Aprés mes trois séjours en novembre 2017, mai et août-septembre 2018 à Inukjuak, je retourne pour 6 semaines dans ce village du Nunavik, ce vaste territoire le plus septentrional du Québec, grand comme l'Espagne, peuplé de seulement 11 000 Inuit répartis en 14 villages maritimes. À Inukjuak, vivent tant bien que mal près de 1700 familles inuites et quelques dizaines de Québécois du Sud employés dans les secteurs de la construction, de l'éducation, de la formation des adultes, de la santé, du travail social clinique ou communautaire, de la DPJ, etc. Je fais auparavant une escale de 5 jours à Kuujjuaq, la capitale du Nunavik Je reprends mes parutions pour continuer à échanger avec vous mes informations et mes questionnements sur les conditions et les modes de vie des Inuit, passés en 60 ans, du fait de la colonisation, d'un mode de vie ancestral nomade ou semi-nomade dans la toundra à la sédentarisation ; des questionnements nourris par mes observations, mes conversations - notamment avec ma compagne, travailleuse sociale communautaire à la Maison de la famille - ainsi que mes recherches sur internet et mes lectures. Et aussi pour partager avec vous la beauté de la toundra ! N'hésitez pas à me faire part de vos commentaires et de vos critiques. Merci de votre attention. Jean-Pierre

LE KATAJJANUQ, LA PRATIQUE DU CHANT DE GORGE : UNE TRADITION QUI S'ACTUALISE... (Partie 2)

 

Le katajjaniq, pratique du chant de gorge, est recréé en permanence dans la communauté qui le porte et le transmet, tout en étant interprété en continuité avec une longue tradition orale encore bien vivante dans les communautés inuites du Nord-du-Québec qui le considèrent comme un symbole identitaire. Au Nunavik, les filles observent et imitent encore les gestes et les sons caractéristiques du katajjaniq que pratiquent les femmes de leur communauté. De génération en génération, les femmes se transmettent des connaissances sur la nature et l'environnement qui sont associées aux jeux de productions sonores.

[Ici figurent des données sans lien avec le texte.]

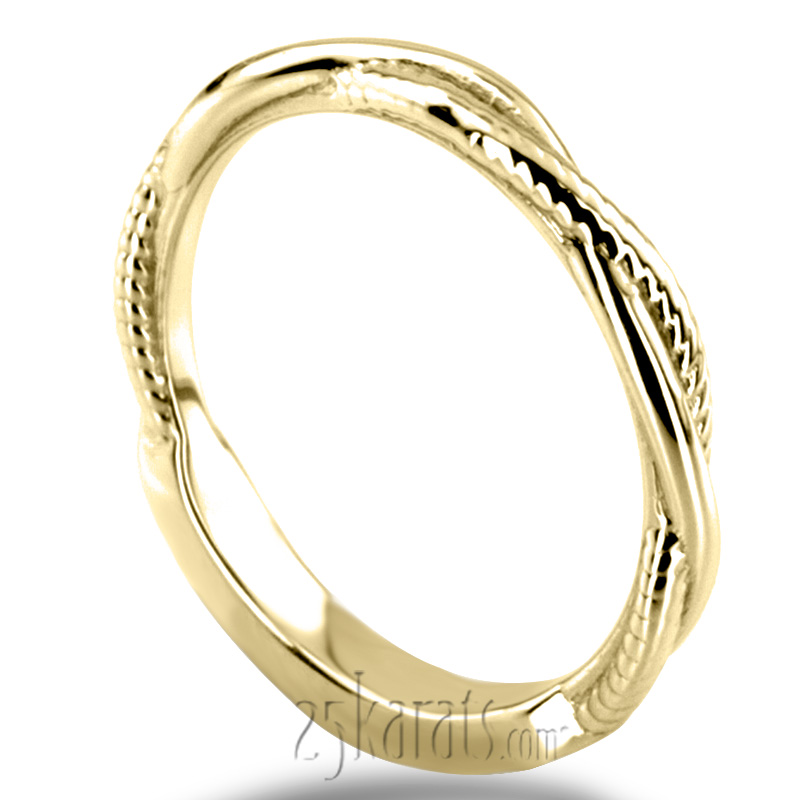 Rope and Shiny Design Ladies Wedding Band - view 4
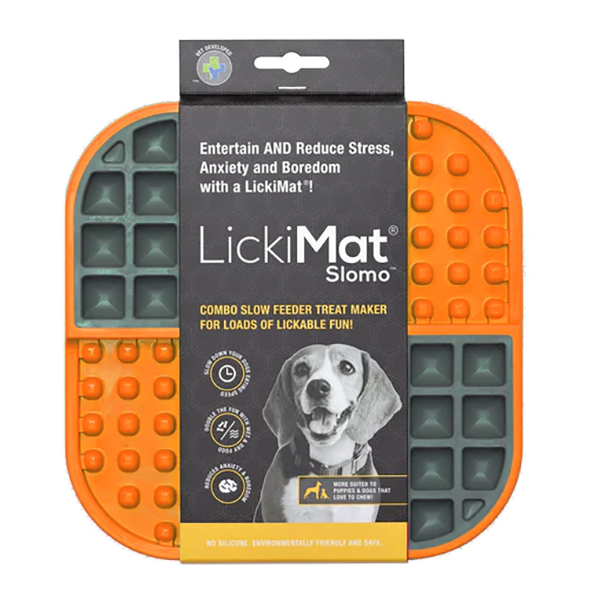 LickiMat Slomo Slow Feeder Solo Treat-Dispensing Dog Toy Orange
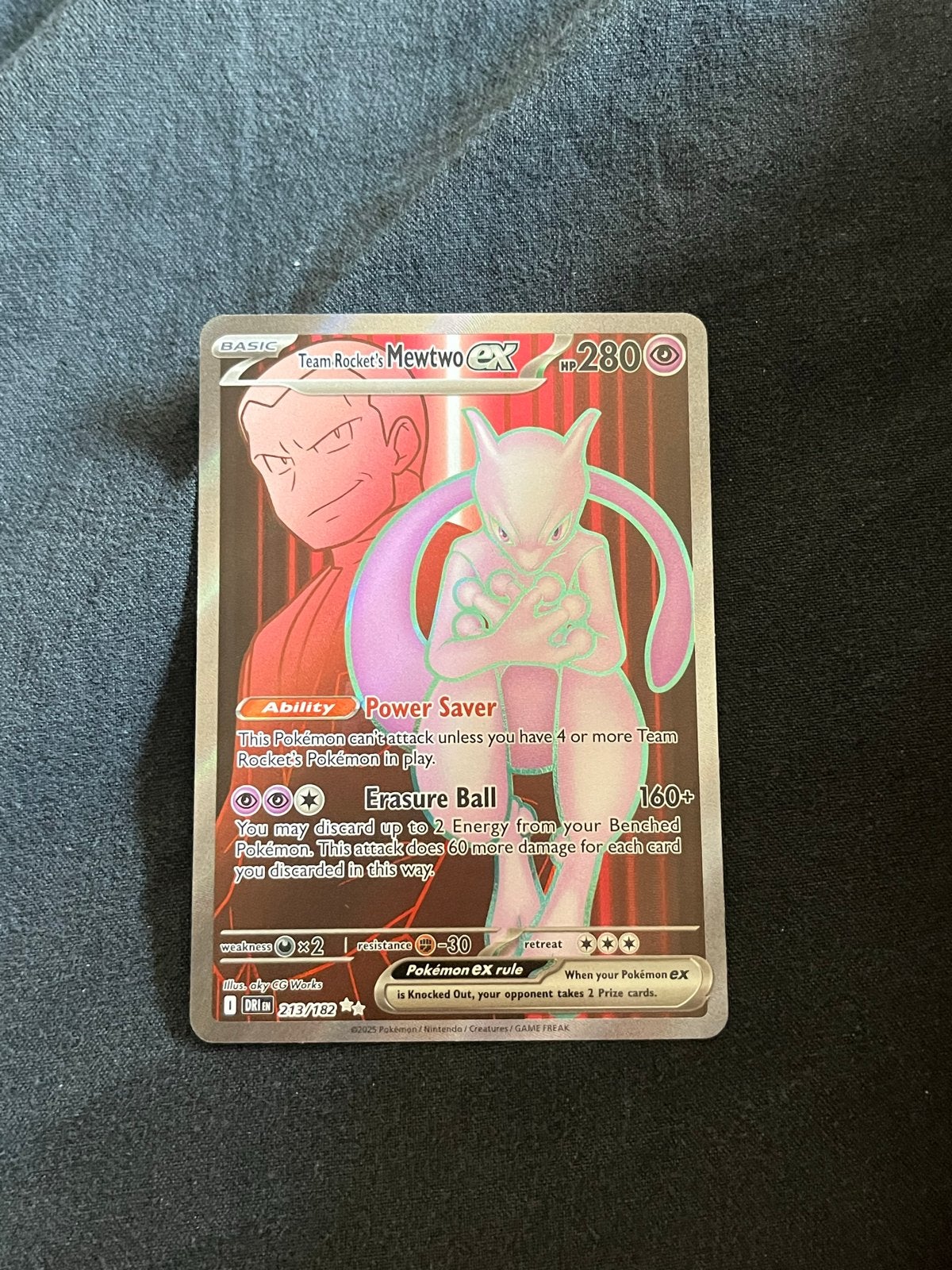 Mewtwo ex Destined Rivals 213/182 NM Pokémon Kaart, Ophalen of Verzenden, Zo goed als nieuw, Losse kaart, Foil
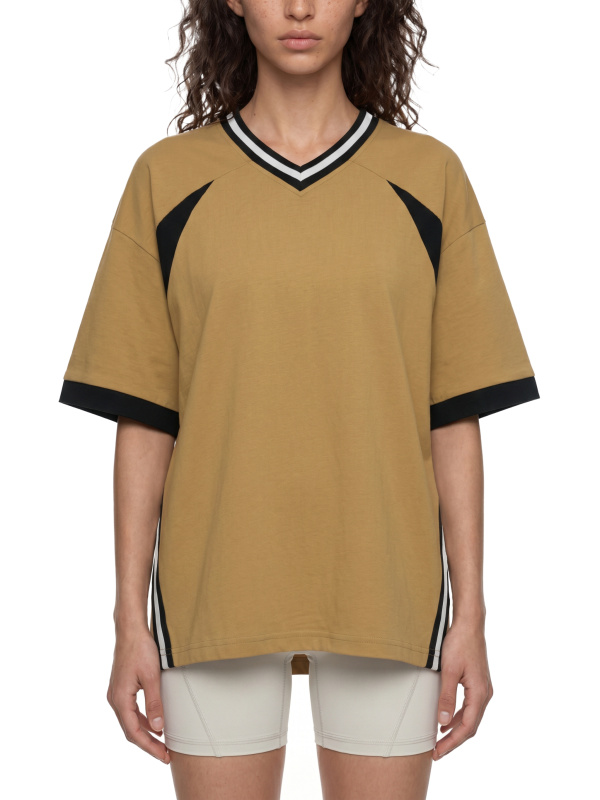 Unisex Color Block V-Neck T-Shirt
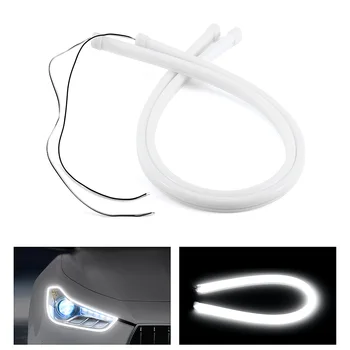 

2PCS 60cm White LED Car DRL Tube Strip Flexible Daytime Running Lights Turn Signal Angel Eyes Car Styling Fog Light 12V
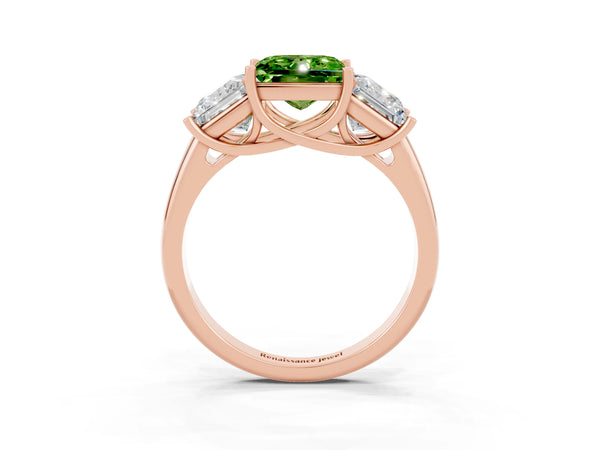 Rose gold Three-Stone Princess Cut Peridot Engagement Ring with Prong Setting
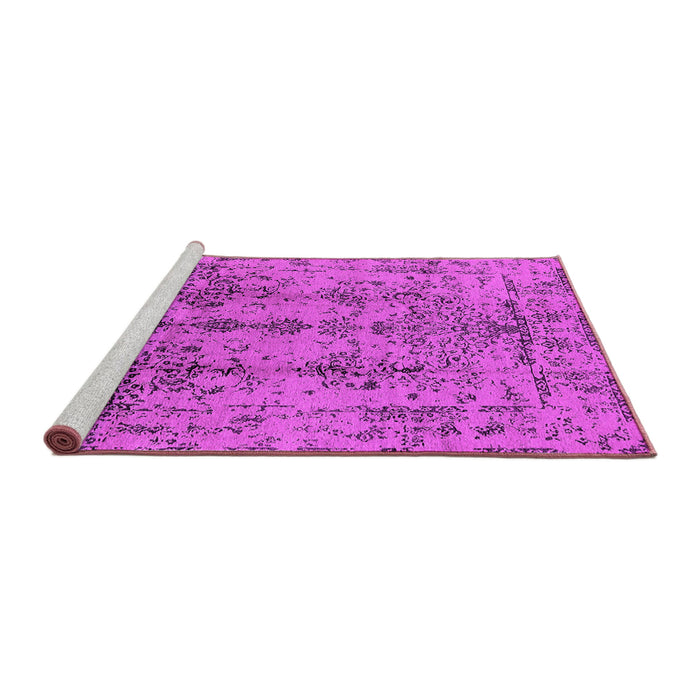 Sideview of Machine Washable Oriental Pink Industrial Rug, wshurb1362pnk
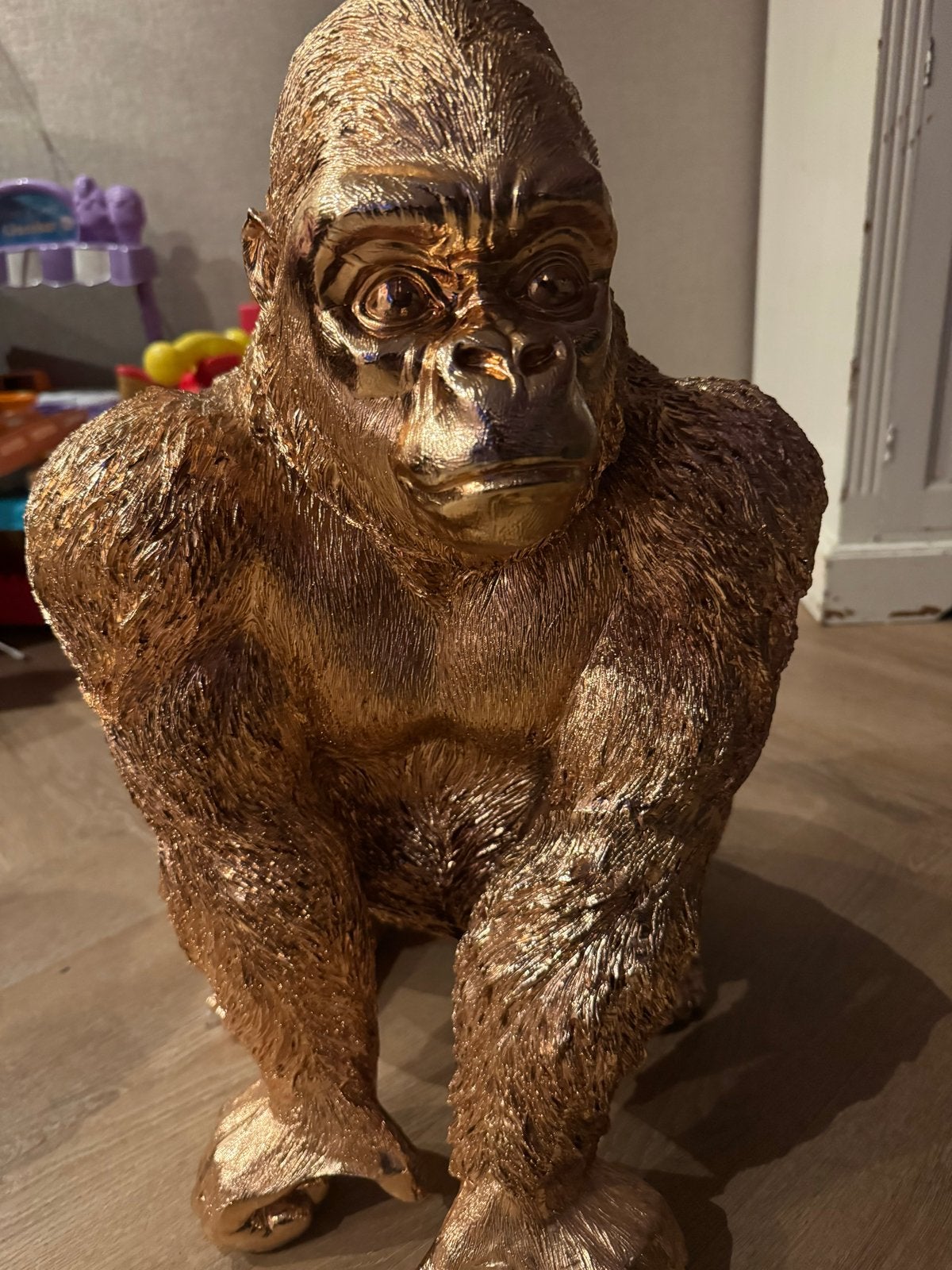 Gouden Gorilla Beeld - Unieke Decoratie, Ophalen, Kunststof, Zo goed als nieuw, Goud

Les techniques vocales sont aussi des savoir-faire transmis d'une personne à une autre, de maître à apprentie. Le tout forme un répertoire de chants de gorge qui est partagé dans l'ensemble des 14 communautés du Nunavik.

De manière générale, le chant de gorge s'apprend et se transmet en bas âge, par contact direct avec la chanteuse, généralement lorsque l'enfant est installé dans l'amauti, parka – peau en inuktitut - traditionnel féminin avec capuche. Bien qu'à l'âge adulte, ce soit essentiellement des femmes qui pratiquent les chants de gorge, les garçons y sont tout de même exposés durant l'enfance, notamment lorsque leur mère les exécute pour calmer ou endormir les petits. En plus de se transmettre au sein de la cellule familiale et de la communauté immédiate, le chant de gorge se partage entre communautés inuites lors de compétitions ou de rencontres plus ou moins formelles.

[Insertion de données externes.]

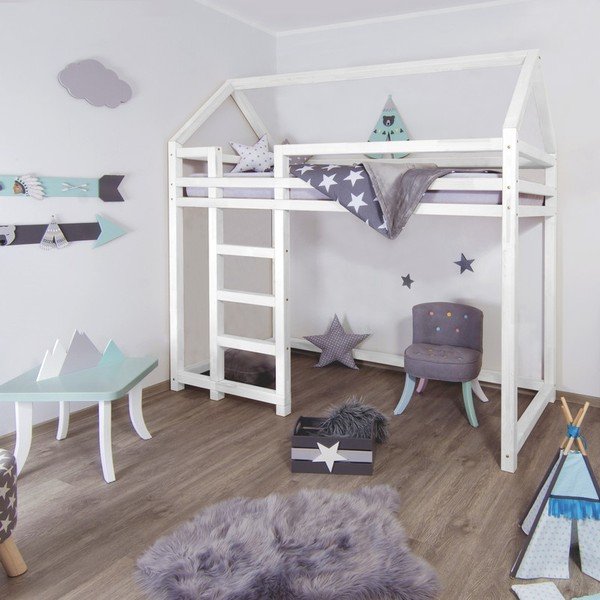 Letto per bambini rialzato in legno bianco Nesty, 120 x 200 cm - Benlemi
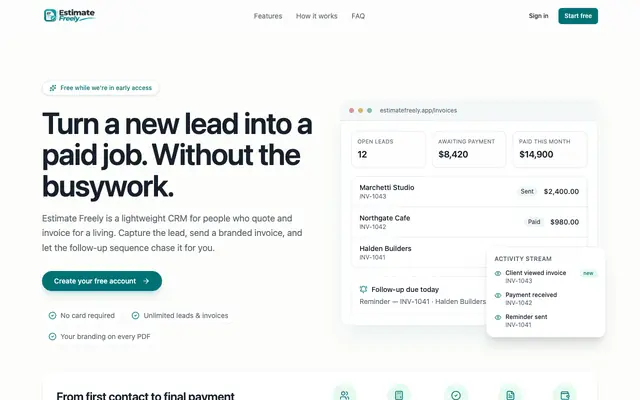 Screenshot of Estimate Freely — Leads, branded invoices & follow-ups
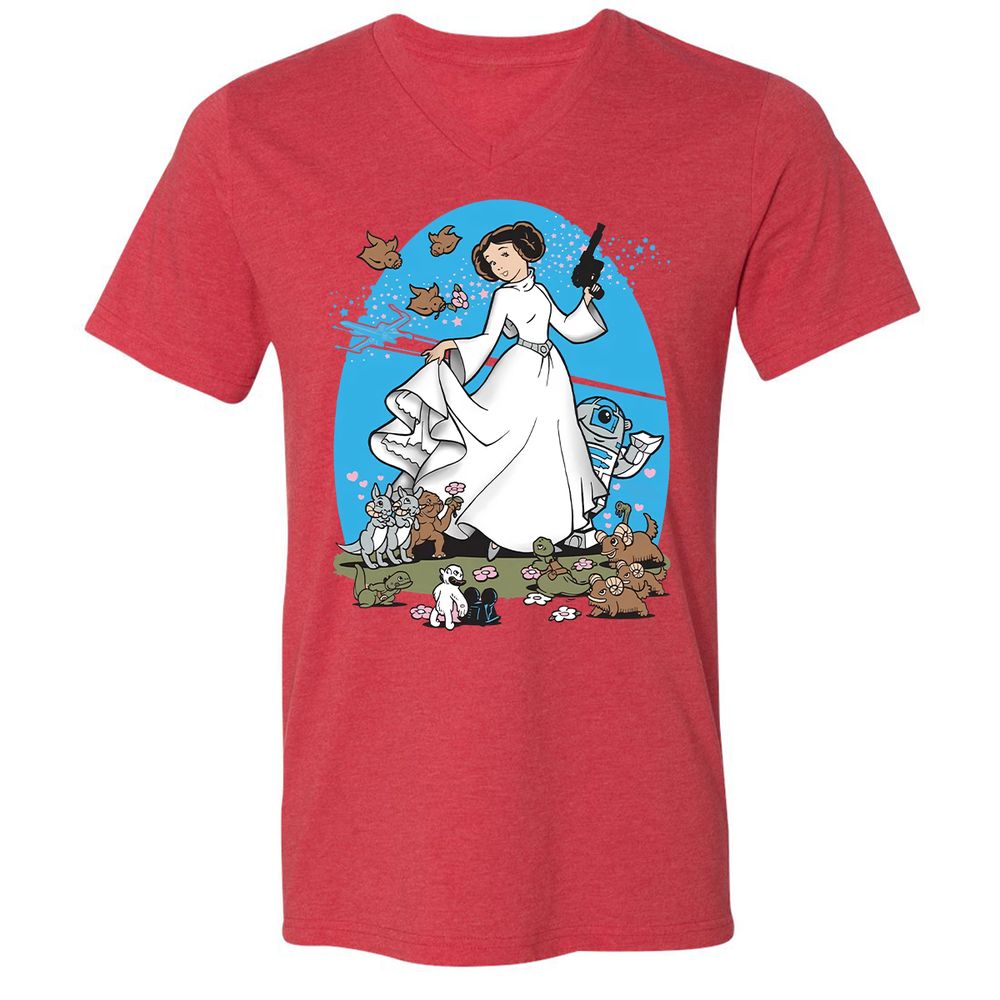 Unisex V-Neck T-Shirt - AZ8XDCDW - Heather Red - 16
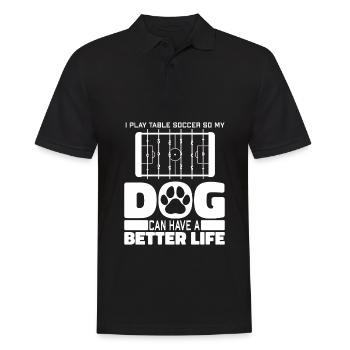 Table football foosball dog - Men's Polo Shirt - black - Front - Kai (181cm)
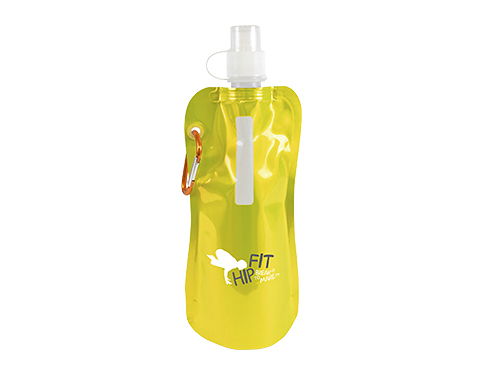 Cabo Metallic 400ml Folding Water Bottles - Yellow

Aujourd'hui, la pratique du chant de gorge inuit sort des frontières géopolitiques du Nunavik et se développe dans la sphère publique. Certaines femmes porteuses de tradition, montant sur scène et participant à différents festivals, explorent de nouvelles formes d'expression et s'adonnent au métissage des genres musicaux.
En plus des cours qui sont offerts par les municipalités nordiques ou dans certains établissements d'enseignement au Nunavik, Internet et les réseaux sociaux jouent un rôle grandissant dans l'acquisition et le perfectionnement individuels des connaissances et des savoir-faire associés au katajjaniq : les Inuit y trouvent de l'information et différentes sources d'inspiration. D'autres moyens sont mis en oeuvre pour exposer au monde les particularités du chant de gorge, dont la vente et la mise en ligne d'enregistrements. De plus, des événements sont organisés pour favoriser la discussion et le partage de techniques, par exemple le colloque dédié à la pratique du chant de gorge, qui s'est tenu à Puvirnituq, au Nunavik, en 2001. Il a réuni environ 80 interprètes provenant de diverses régions nordiques.

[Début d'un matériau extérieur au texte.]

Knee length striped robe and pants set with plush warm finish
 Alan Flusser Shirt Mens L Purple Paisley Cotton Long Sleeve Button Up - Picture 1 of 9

Nous sommes en présence d'une tradition qui s'actualise, témoignant que la culture inuite n'est pas figée dans un passé révolu, mais qu'elle est bien vivante.

Au risque de choquer les tenants de la «pureté» des traditions, les expériences de métissages musicaux me semblent intéressantes et prometteuses. Pourquoi le chant de gorge et la musique inuite ne pourraient-ils pas nourrir et se nourrir des autres musiques du monde ?

Pour exemples :

1. Dans cette émission de RCI (Radio-Canada-Internationale) «Musique du monde : quand le chant de gorge inuit rencontre la musique celtique. Kathleen Merritt, Ivaluarjuk, Inuit de Rankin Inlet – sa mère est Inuit – qui a vécu à l’île du Cap-Breton en Nouvelle-Écosse – coin d’origine de son père -, berceau de la culture celte au Canada, nous présente son tout premier disque, Ice, Lines & Sealskin (Trad. : glace, lignes de pêche et peau de phoque), un disque où la musique celtique rencontre le chant de gorge inuit1.

2. Sophie Stévance, en 2015, dans une étude savante2 écrit «La chanteuse inuit Tanya Tagaq3, qui pratique une forme de chant de gorge (katajjaq) dans un contexte de musique pop-électronique, nous semble particulièrement représentative de toute une génération d’artistes autochtones. Comme Tagaq, des artistes comme Lucie Idlout, Elisapie Isaac ou Celina Kalluk, dépassent volontiers leur aire culturelle pour se nourrir d’influences diverses afin d’intégrer leurs créations à la production artistique transnationale. Quels aspects spécifiques de la pratique artistique de Tagaq relèvent, d’une part, d’une pratique plus traditionnelle et, d’autre part, d’une pratique contemporaine ? Comment ce dialogue se manifeste-t-il dans les prestations scéniques de la chanteuse ? Pour mieux comprendre le comportement esthétique de Tagaq, nous tiendrons tout d’abord compte de la manière dont elle construit ses improvisations sur la base du katajjaq traditionnel et de codes culturels et musicaux occidentaux. Une fois observés, ces éléments nous parlent de la construction identitaire de la jeune génération autochtone, dont la création multidisciplinaire et transnationale nourrit et reflète ce mouvement volontaire, non pas d’une quête, mais d’une conquête d’un nouvel équilibre culturel.»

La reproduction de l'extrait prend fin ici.